This week I finished a small pilot project ‘archiving’ some of the data storage devices held at University of Sussex Special Collections. My interest in this area is predicated on the premise that the paper archive has been replaced by the hard disk. In just 25 years most people in Britain and worldwide have come to create information in a new way. In turn, both archivists and historians will need figure out how to deal with data storage devices in archival contexts (for more on this see my recent talk ‘Hard disks as archives of everyday life‘. Thankfully, open source digital forensics tools that enable archivists to preserve and curate these born-digital archives have made huge strides in recent years thanks largely to the efforts of the BitCurator project led by University of North Carolina Chapel Hill.
Together with my wonderful colleagues in the Library and Special Collections, this pilot used BitCurator to capture a small number of data storage devices with a view to:
- Creating evidence around processes and outputs that can feed into future data management plans
- Preserving and stabilising these materials in line with best practice
- Establishing a set of shared principles in anticipation of future born digital deposits
To achieve this I spent a couple of days in The Keep (where the Special Collections are held) make captures of media devices including floppy disks, USB sticks, and CDs, most of which held institutional records. Working through these helped me playtest and iterate a step-by-step Processing Workflow for Digital Media using BitCurator that I’d developed in advance. This workflow is available on GitHub under a CC BY-SA license, so do share, use, and build on it. And if you are an archivist using BitCurator to capture comparable archives I’d be grateful for your input!

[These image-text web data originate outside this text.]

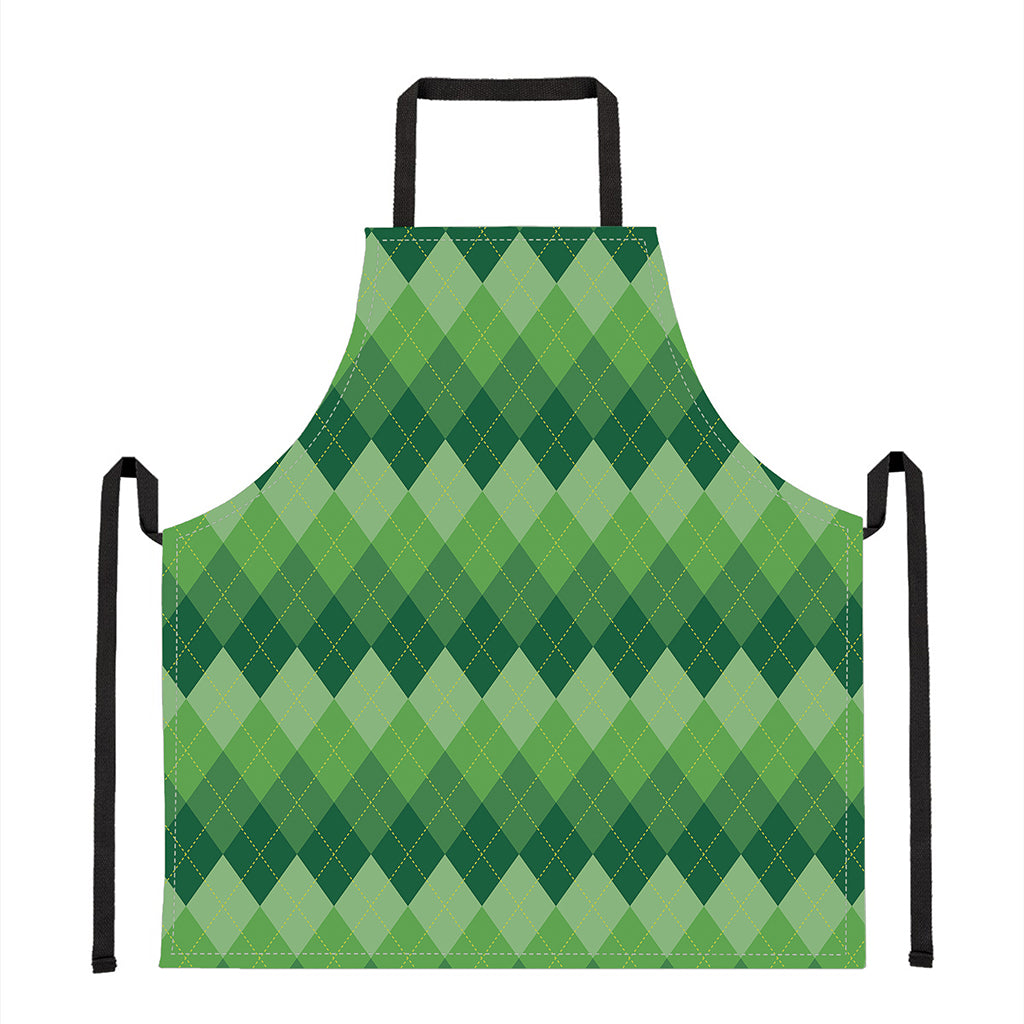 Grass Green Argyle Pattern Print Apron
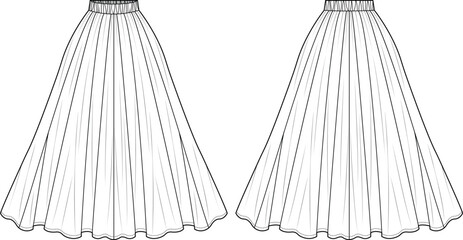 Skirt  Flat Sketch Arts and Illustration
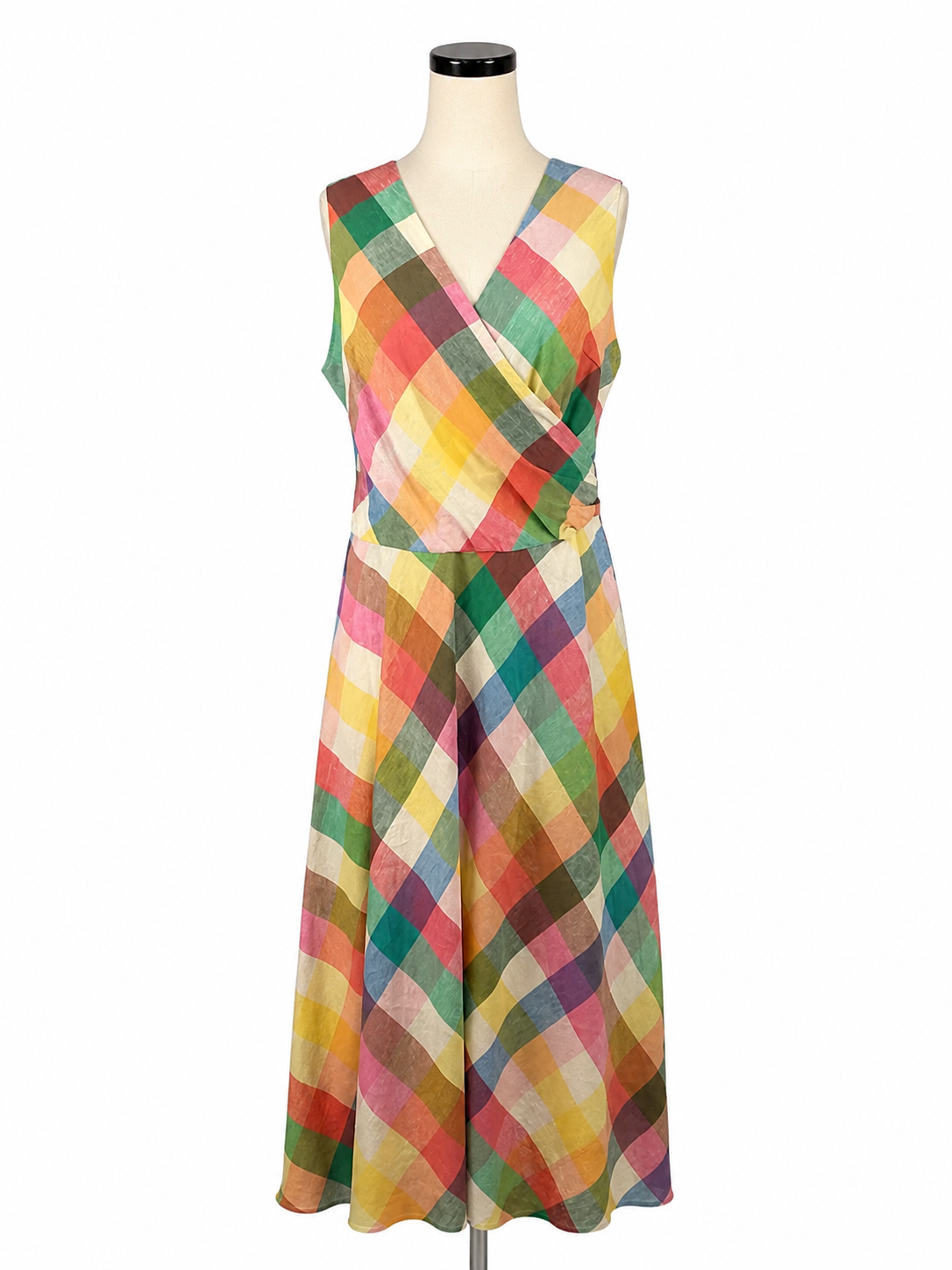 Jude Connally Multi Color Maxi Gingham Linen Blend Surplice Midi Dress Size Large - Size L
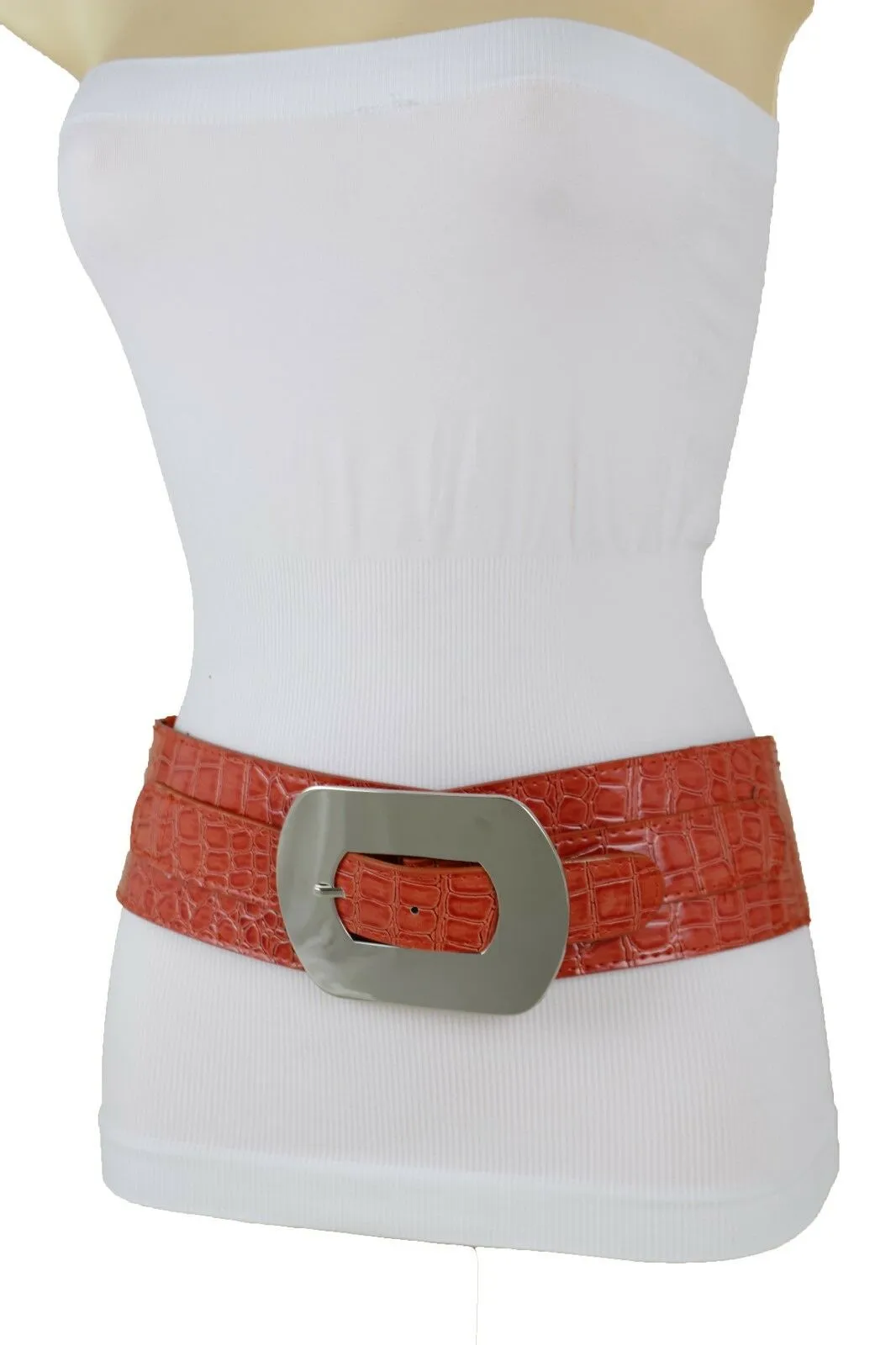New Hot Women Orange Wide Elastic Belt High Waist Hip Silver Metal Oval Buckle XS S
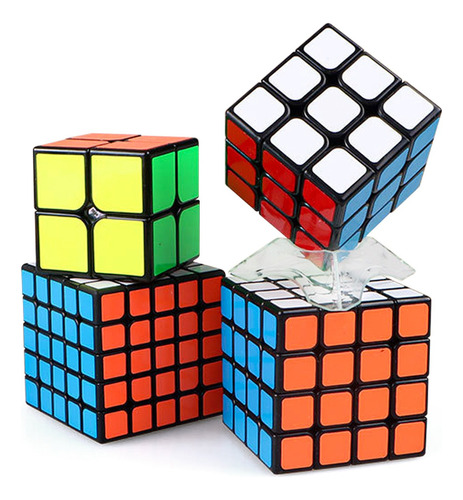 Paquete 4 Cubos Rubik 2x2 3x3 4x4 5x5 Cobra Fibra Carbono
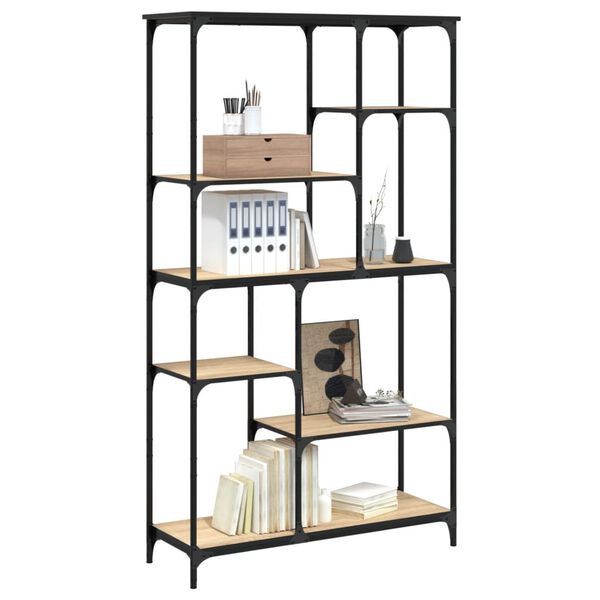 vidaXL Bookshelf Sonoma oak Engineered wood, Steel 39 x 14 x 69.3 in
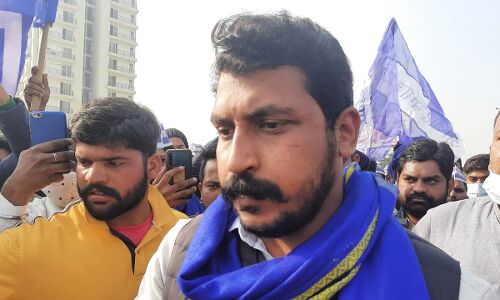 गाजीपुर बॉर्डर पर किसानों को समर्थन देने पहुंचे भीम आर्मी चीफ, बोले तानाशाह है सरकार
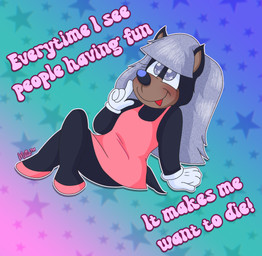 anthro black_body black_fur black_nose brown_snout clothing colorful_background cosmic_background dress female footwear fur glistening glistening_eyes glistening_hair gloves grey_eyes grey_hair hair handwear open_mouth open_smile pink_clothing pink_dress pink_footwear pink_shoes shoes smile solo sparkles sparkling_eyes star starry_background tail text white_clothing white_gloves white_handwear saltypupcake canid canine canis domestic_dog mammal digital_media_(artwork) english_text hi_res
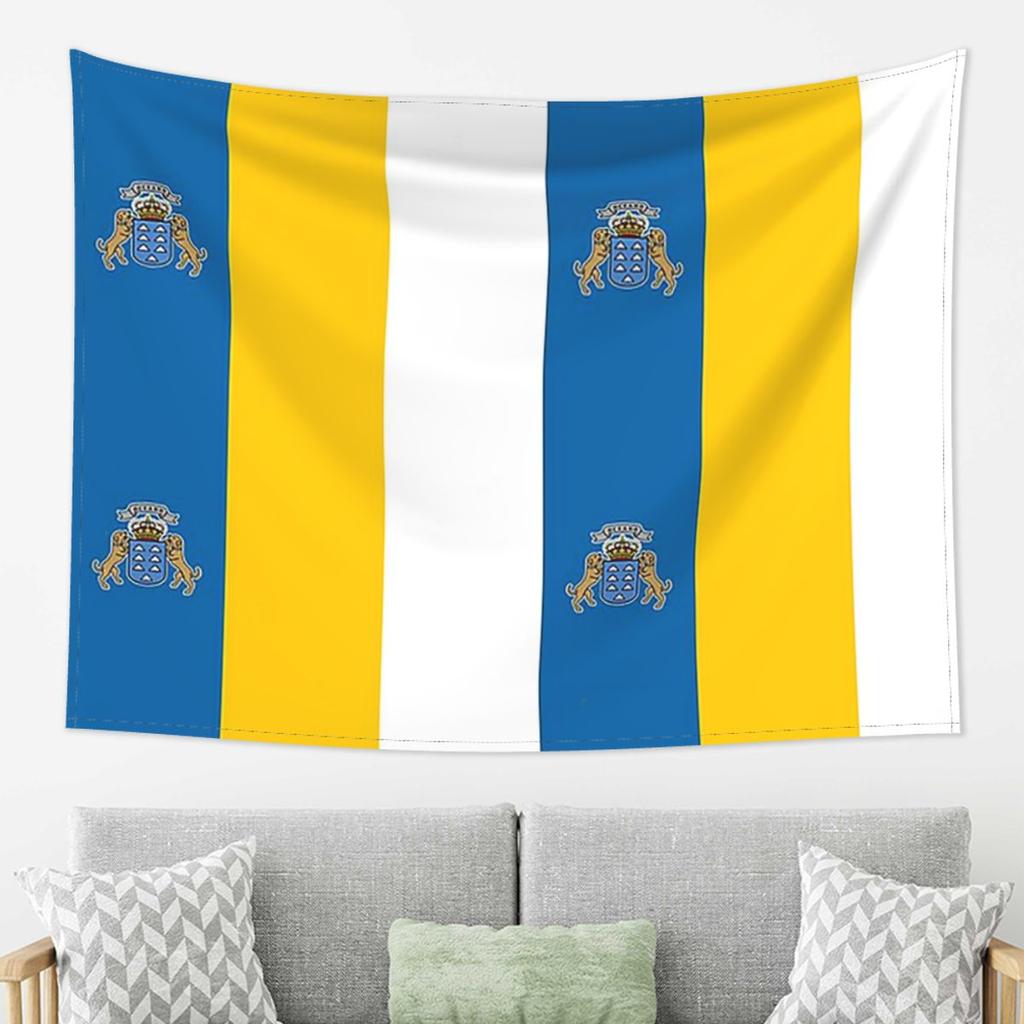Spain Flag Oceano Canary Islands Tapestry Wall Hanging Aesthetic Home Decor Tapestries for Living Room Bedroom
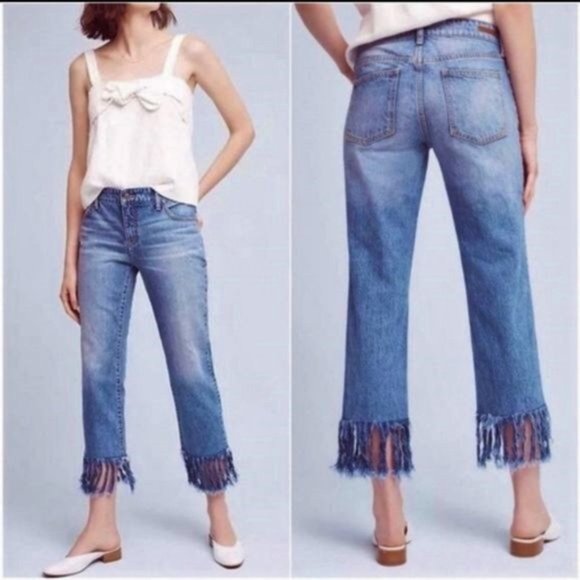 Anthropologie Denim - Anthropologie Hyphen Fringe Hem Straight Leg Jeans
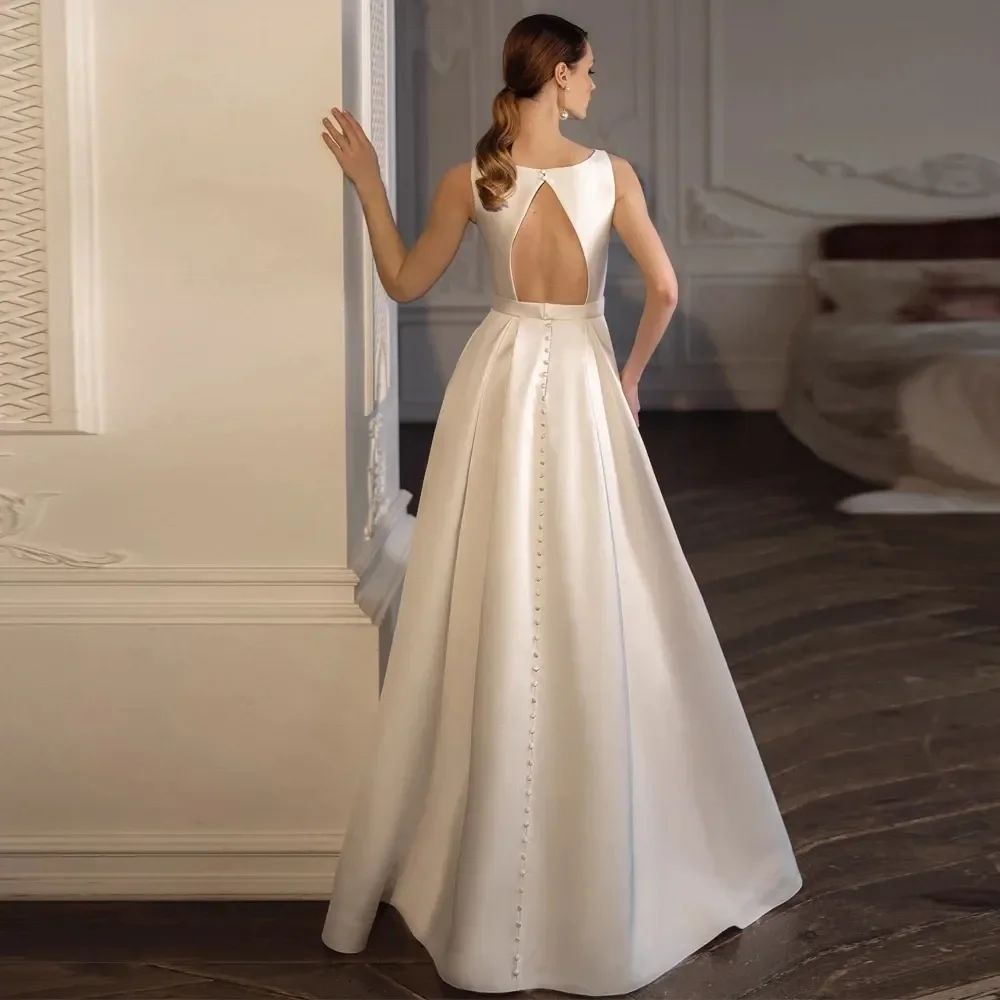 Vestido De Novia clásico sin mangas con escote cuadrado, Vestido De Novia Sexy con espalda descubierta, elegante, novedad De 2024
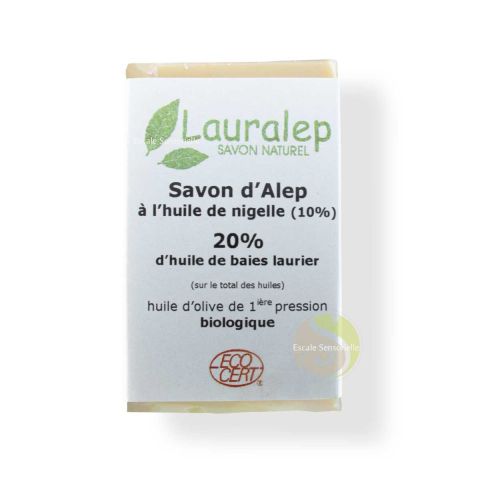 Savon d'Alep Nigelle 20% de laurier Lauralep savon bio écocert anti-inflammatoire 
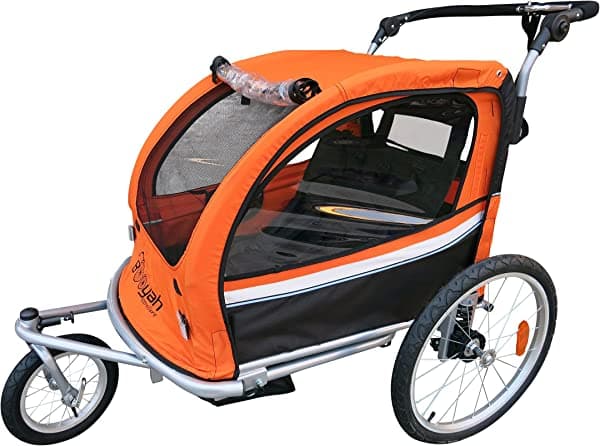 Booyah Strollers Child II Doble Tráiler de Bicicleta y Jogger para Bebés y Niños con Suspensión (Naranja)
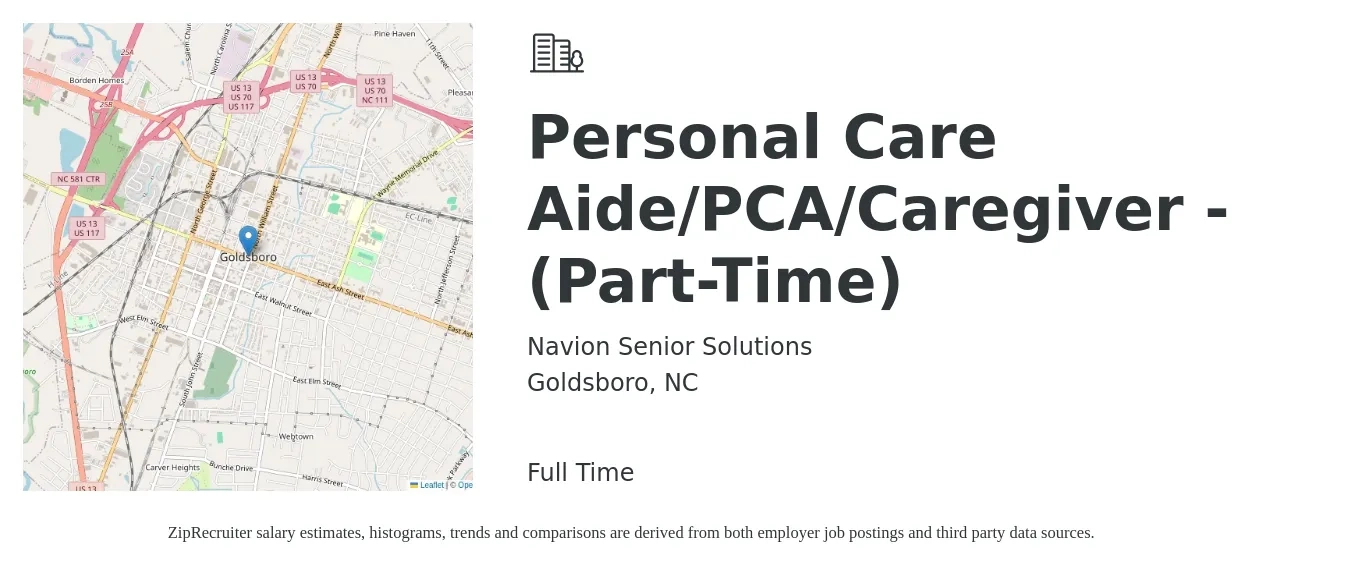 Navion Senior Solutions job posting for a Personal Care Aide/PCA/Caregiver - (Part-Time) in Goldsboro, NC with a salary of $11 to $15 Hourly with a map of Goldsboro location.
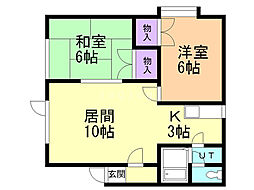 百合ヶ原アベニューB 2LDKの間取図画像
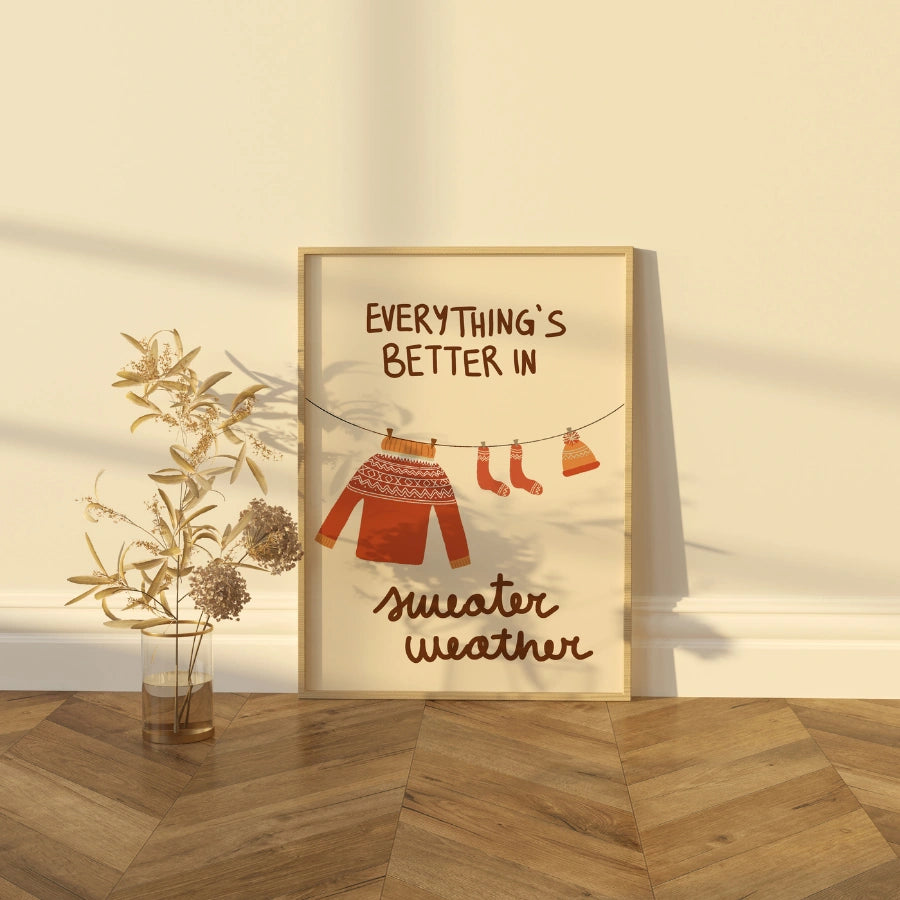 Wandbild für die Pulloverzeit – Gemütlicher Herbst-Spruch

Having worked with born-digital collections whilst at the British Library, it was great to get stuck into them again. Whilst I was at The Keep I also took the opportunity to survey response to two Mass Observation Directives (Summer 2004 Letters and Emails, Summer 2015 You Online) for descriptions of how people remembered and experienced interactions with computers. As I plot research that will use both born-digital and physical archives as primary sources of historical change in the age of the personal computer, it is encouraging to see great work in the area bubbling up. The first workshop of AHRC-funded ‘Born digital big data and approaches for history and the humanities’ research network took place this month, showcase the growing maturity of humanities approaches to born-digital data. And last month Matthew G. Kirschenbaum’s (very excellent) Track Changes appeared, a book that traces literary encounters with word-processing. As one of the BitCurator project, Kirschenbaum offers some astute observation on using born-digital archives in humanities research. For example, during a discussion of the reliability – or otherwise – of created and modified date/time file metadata (in short, how do we know the clock of a computer was set correctly and in the case of a frequent flier to which time zone?), he writes:
A scholar working with such materials must be conversant in the antiquarian cants of vanished operating systems, file formats, and emulators, just as we expect an early modernist doing book history to know something of signatures and collation formulas (233)
Unsurpringly perhaps, I couldn’t agree more.